Thursday, 29 September 2011

BIMBO ADENUGBA

Living Experience … With Adenugba
BY TAJUDEEN SOWOLE
 
(First published Sept 2-8, 2007)
THERE is something about representational art that holds a viewer captive. And if you missed the solo art show of painter Bimbo Adenugba titled Living Experience, which just ended at the Terra Kulture, Victoria Island, Lagos, few days ago, then you missed the chance of seeing a blend of that representational art and the dynamics of contemporaneity.   
    Though his concepts are largely of scenes that the audience is very familiar with, Adenugba’s application of colours — the fading of light and shades in synergy with the bolder tones— give an insight into why representational works were the vogue till the first two decades of the last century.
  Though drawing from the aesthetics of most 20th century landscapes and portraiture, in Adenugba’s work, however, shades and lights penetrate more in bolder colours. And he has got good subjects in physical features, as nature presents them as well as its inhabitants.
  Structural disharmony in this part of the world, due to inadequate physical planing, mostly in Lagos, is depicted in Adenugba’s 48 x 54 inches, oil on canvas work entitled After the Rain. But the cluster of buildings fading into horizon and complemented by the foreground activities as the artist recreates them on canvas however unearths some splendour out of squalour.
   An experienced cinematographer would tell you that the most exciting night exterior shot is achieved when the road is wet. This is exactly what Adenugba attempts in this work and another one, Hello, This is Emeka Calling from London, oil on canvas, 42 x 48 inches.

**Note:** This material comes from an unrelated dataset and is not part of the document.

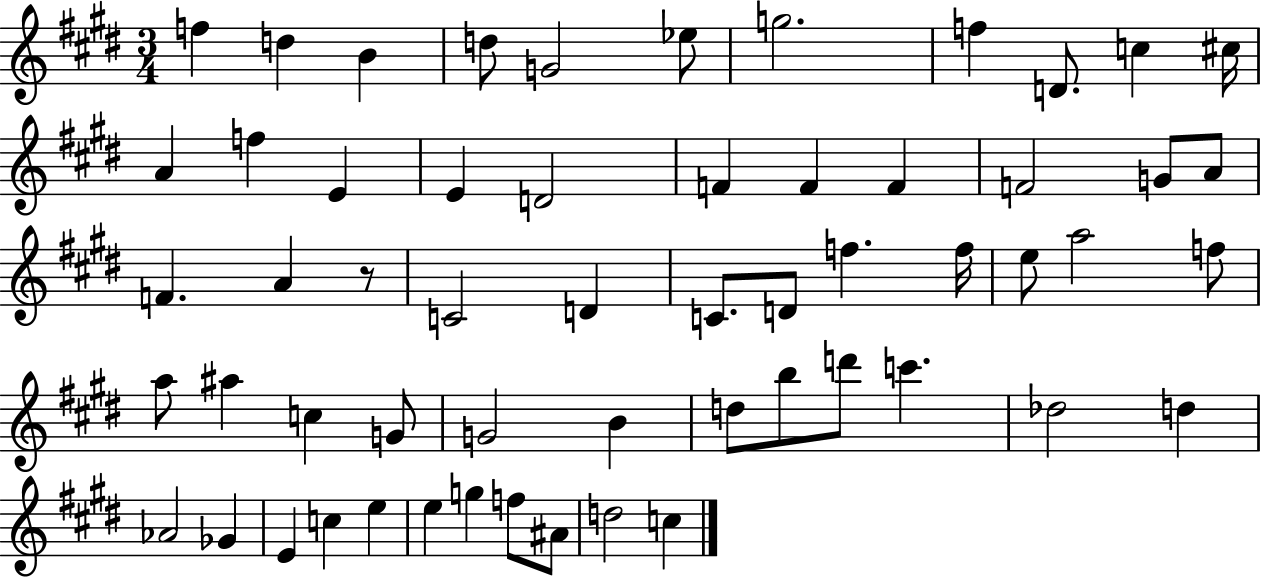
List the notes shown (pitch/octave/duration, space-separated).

F5/q D5/q B4/q D5/e G4/h Eb5/e G5/h. F5/q D4/e. C5/q C#5/s A4/q F5/q E4/q E4/q D4/h F4/q F4/q F4/q F4/h G4/e A4/e F4/q. A4/q R/e C4/h D4/q C4/e. D4/e F5/q. F5/s E5/e A5/h F5/e A5/e A#5/q C5/q G4/e G4/h B4/q D5/e B5/e D6/e C6/q. Db5/h D5/q Ab4/h Gb4/q E4/q C5/q E5/q E5/q G5/q F5/e A#4/e D5/h C5/q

In each of these works, the artist achieves this reflective light effect as the colours reflected on the floor are bounced back on to the subjects.

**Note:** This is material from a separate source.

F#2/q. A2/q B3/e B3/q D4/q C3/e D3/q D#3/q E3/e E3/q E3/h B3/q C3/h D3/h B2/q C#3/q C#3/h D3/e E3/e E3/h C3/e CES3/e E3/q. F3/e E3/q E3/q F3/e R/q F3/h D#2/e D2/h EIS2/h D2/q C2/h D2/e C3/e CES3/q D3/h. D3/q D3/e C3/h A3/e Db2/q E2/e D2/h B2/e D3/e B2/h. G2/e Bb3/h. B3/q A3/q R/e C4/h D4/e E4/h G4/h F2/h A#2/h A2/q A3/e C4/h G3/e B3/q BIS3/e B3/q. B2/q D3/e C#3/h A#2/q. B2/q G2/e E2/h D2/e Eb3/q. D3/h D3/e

  Sometimes, Adenugba’s works seem to be underplaying the titles. For him, the emphases should always be in the aesthetics, some of the works suggest. The depth of his techniques make the works self-explanatory such that the titles are often irrelevant in the scheme of interpretation. And as one attempts to locate these two scenes, he presents a surprise. Each picture, he says, is not an existing location; conceptual. “The locations are not exactly known. They are pictured from different places to make up each of the painting,” he says.
  DESCRIBING the exhibition as “my major solo”, 25 other paintings presented equally justify the discovery of oil on canvas as a medium in art. Even when some of the works reflect on the despair and imbalance in our social structure, the aesthetics possess the potential to appease the nerves of the aggrieved.
    The artist, apparently has shifted a bit from the works he brought to his last show, a group exhibition, Bringing Hope and Changing Lives. The Didi Museum show last year had Adenugba present works that were rather on the less bolder side of composition and colours as seen in such process as After the Dance, Omologede and Greens for Sale. 
  Except a viewer was all out to sniff the air for a semblance of one of the “Living Masters”, Adenugba’s style, arguably, has an identity that could stand on its own, so suggests
Living Experience. 
   ADENUGBA is a former illustrator of Classic and Hearts magazines, and had exhibited in two group shows, ECOWAS Day, and Salon, both in Pretoria, South Africa. His last group show, Bringing Hope and Changing Lives was at the Didi Museum, Victoria Island, Lagos.